The following is the exercise #24 in chapter 4 of Stein's Real Analysis.
Let $\{e_k\}$ be an orthonormal set in a Hilbert space $\mathcal H$. If $\{c_k\}$ is a sequence of positive real numbers such that $\sum c_k^2<\infty$, then the set $$A = \left\{ \sum_{k=1}^{\infty} a_ke_k :|a_k|\leq c_k \right\}$$ is compact in $H$.
I refered to this page and below is my trial.
Let $S_0 = \{(a_1,a_2,a_3,...):a_k \in \mathbb C, \sum_{k=1}^{\infty} a_k e_k \in A \}$, $f_n = \sum_{k=1}^{\infty} a_{n,k}e_k \in A$, and $A_1 = \{a_{n,1} \}_n$. $|a_{n,1}| \le c_1 \forall n$, so $A_1$ is a bounded sequence in $\mathbb C$. Then, there is a subsequence $\{a_{n_j,1} \}_j$ such that $\lim_{j\to \infty}a_{n_j,1} = b_1\quad (|b_1| \le |c_1|)$.

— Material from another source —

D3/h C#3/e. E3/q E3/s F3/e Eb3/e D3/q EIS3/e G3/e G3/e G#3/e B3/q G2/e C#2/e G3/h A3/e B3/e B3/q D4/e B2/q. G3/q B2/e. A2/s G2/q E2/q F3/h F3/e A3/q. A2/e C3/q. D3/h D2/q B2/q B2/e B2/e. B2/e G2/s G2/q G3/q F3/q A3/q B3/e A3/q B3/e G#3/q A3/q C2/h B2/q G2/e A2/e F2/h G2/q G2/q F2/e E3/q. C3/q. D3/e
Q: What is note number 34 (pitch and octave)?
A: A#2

Let $S_1 = \{(a_1,a_2,a_3,...):a_1 \in A_1, S_1 \subset S_0 \}$, and $A_2 = \{a_{n,2} \}_n$....
Continuing this process inducively, $S_m$ can be obtained $(m \in \mathbb N)$ so that $S_{m+1} \subset S_m$ and $\lim_{j\to \infty}a_{n_j,k} = b_k \quad (|b_k| \le |c_k|), k = 1,...,m$. $\{a_{n_j,k}\}_j$ is a sequence of kth element of $S_m$.
Let $f_{n_j} = \sum_{k=1}^{\infty} a_{n_j,k}e_k$, and $f = \sum_{k=1}^{\infty} b_k e_k$.

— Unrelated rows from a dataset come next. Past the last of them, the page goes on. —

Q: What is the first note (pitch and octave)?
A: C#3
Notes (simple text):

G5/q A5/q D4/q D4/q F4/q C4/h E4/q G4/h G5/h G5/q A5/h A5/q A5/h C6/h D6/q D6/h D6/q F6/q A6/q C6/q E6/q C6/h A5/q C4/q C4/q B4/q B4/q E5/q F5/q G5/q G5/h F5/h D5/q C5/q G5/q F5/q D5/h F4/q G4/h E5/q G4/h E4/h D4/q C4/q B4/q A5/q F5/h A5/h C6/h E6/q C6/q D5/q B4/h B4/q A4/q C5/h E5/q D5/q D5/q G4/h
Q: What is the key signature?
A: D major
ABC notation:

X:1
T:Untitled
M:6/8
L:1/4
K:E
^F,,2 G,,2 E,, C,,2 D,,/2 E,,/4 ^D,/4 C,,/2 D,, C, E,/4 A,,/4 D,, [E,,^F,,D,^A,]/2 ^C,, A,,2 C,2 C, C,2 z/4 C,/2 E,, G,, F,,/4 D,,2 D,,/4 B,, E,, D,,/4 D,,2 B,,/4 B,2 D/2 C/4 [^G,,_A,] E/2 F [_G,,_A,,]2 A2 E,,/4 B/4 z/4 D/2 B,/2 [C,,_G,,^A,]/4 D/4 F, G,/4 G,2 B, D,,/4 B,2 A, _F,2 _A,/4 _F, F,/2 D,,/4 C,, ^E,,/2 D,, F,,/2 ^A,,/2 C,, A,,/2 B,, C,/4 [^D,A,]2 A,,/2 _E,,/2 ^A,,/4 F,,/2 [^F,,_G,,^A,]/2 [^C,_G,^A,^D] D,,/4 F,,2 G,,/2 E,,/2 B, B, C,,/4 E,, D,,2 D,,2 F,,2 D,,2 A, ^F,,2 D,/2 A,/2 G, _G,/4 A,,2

Then, $\Vert f_{n_j} - f \Vert = \Vert \sum_k (a_{n_j,k}-b_k)e_k \Vert \le \sum_k \Vert (a_{n_j,k}-b_k)e_k \Vert = \sum_k |a_{n_j,k}-b_k|$
After then, I wanted to show that $\lim_{j\to\infty} \Vert f_{n_j} - f \Vert = 0$, but I found it difficult to show $$\lim_{j\to\infty}\sum_{k=1}^{\infty}|a_{n_j,k}-b_k| = 0$$
Any comments about my trial, whether my approach is correct or not, some errors if exists, how to finish this, or other better ideas, would be appreciated. Thank you.

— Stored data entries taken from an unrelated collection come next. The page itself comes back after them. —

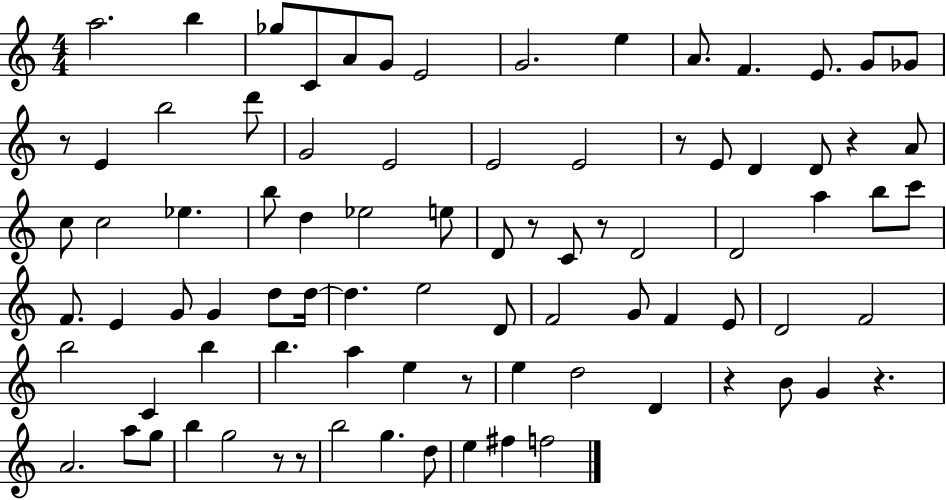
{
  \clef treble
  \numericTimeSignature
  \time 4/4
  \key c \major
  a''2. b''4 | ges''8 c'8 a'8 g'8 e'2 | g'2. e''4 | a'8. f'4. e'8. g'8 ges'8 | \break r8 e'4 b''2 d'''8 | g'2 e'2 | e'2 e'2 | r8 e'8 d'4 d'8 r4 a'8 | \break c''8 c''2 ees''4. | b''8 d''4 ees''2 e''8 | d'8 r8 c'8 r8 d'2 | d'2 a''4 b''8 c'''8 | \break f'8. e'4 g'8 g'4 d''8 d''16~~ | d''4. e''2 d'8 | f'2 g'8 f'4 e'8 | d'2 f'2 | \break b''2 c'4 b''4 | b''4. a''4 e''4 r8 | e''4 d''2 d'4 | r4 b'8 g'4 r4. | \break a'2. a''8 g''8 | b''4 g''2 r8 r8 | b''2 g''4. d''8 | e''4 fis''4 f''2 | \break \bar "|."
}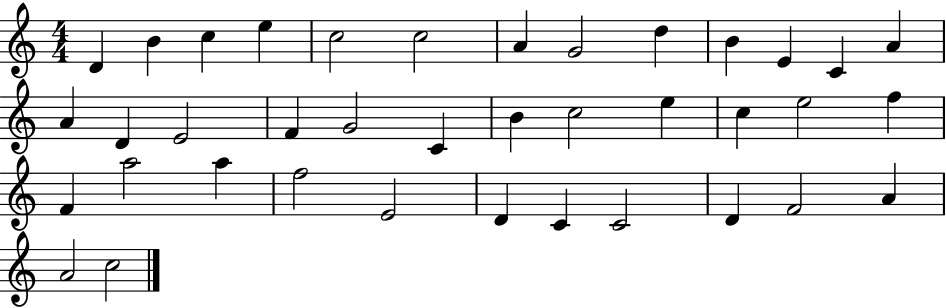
X:1
T:Untitled
M:4/4
L:1/4
K:C
D B c e c2 c2 A G2 d B E C A A D E2 F G2 C B c2 e c e2 f F a2 a f2 E2 D C C2 D F2 A A2 c2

The set $A$ can be described in a more convenient way as $$A=\left \{\sum_{k=1}^\infty x_kc_ke_k\,:\,|x_k|\le 1\right \}$$ The rest of the proof is standard but, in my opinion, slightly more transparent due to the modified description of $A.$
Let $u_n:=\sum_{k=1}^\infty x_k^{(n)}c_ke_k$ be a sequence in $A.$ Then $\{x^{(n)}_k\}_{n=1}^\infty$ form a family of sequences indexed by $k,$ all bounded by $1.$ By applying the diagonal method we get a subsquence $n_j$ such that $x^{(n_j)}_k$ is convergent for every $k.$ WLOG we may assume that $x^{(n)}_k$ is convergent for every $k.$ Let $x_k=\lim_n x^{(n)}_k.$ Then $|x_k|\le 1.$ Fix $\varepsilon>0.$ There exists $K$ such that $\sum_{k=K+1}^\infty c_k^2<\varepsilon ^2.$ Hence $$\left \|\sum_{k=1}^\infty x_k^{(n)}c_ke_k-\sum_{k=1}^\infty x_kc_ke_k\right \|\\ \le \sum_{k=1}^K |x_k^{(n)}-x_k|c_k+\left \|\sum_{k=K+1}^\infty x_k^{(n)}c_ke_k\right \|+\left \|\sum_{k=K+1}^\infty x_kc_ke_k\right \|\\ = \sum_{k=1}^K |x_k^{(n)}-x_k|c_k+\left (\sum_{k=K+1}^\infty |x_k^{(n)}|^2c_k^2\right )^{1/2}+\left (\sum_{k=K+1}^\infty |x_k|^2c_k^2\right)^{1/2} \\ \le \sum_{k=1}^K |x_k^{(n)}-x_k|c_k+2\varepsilon$$ Now the first finite sum is less than $\varepsilon$ if $n$ is large enough.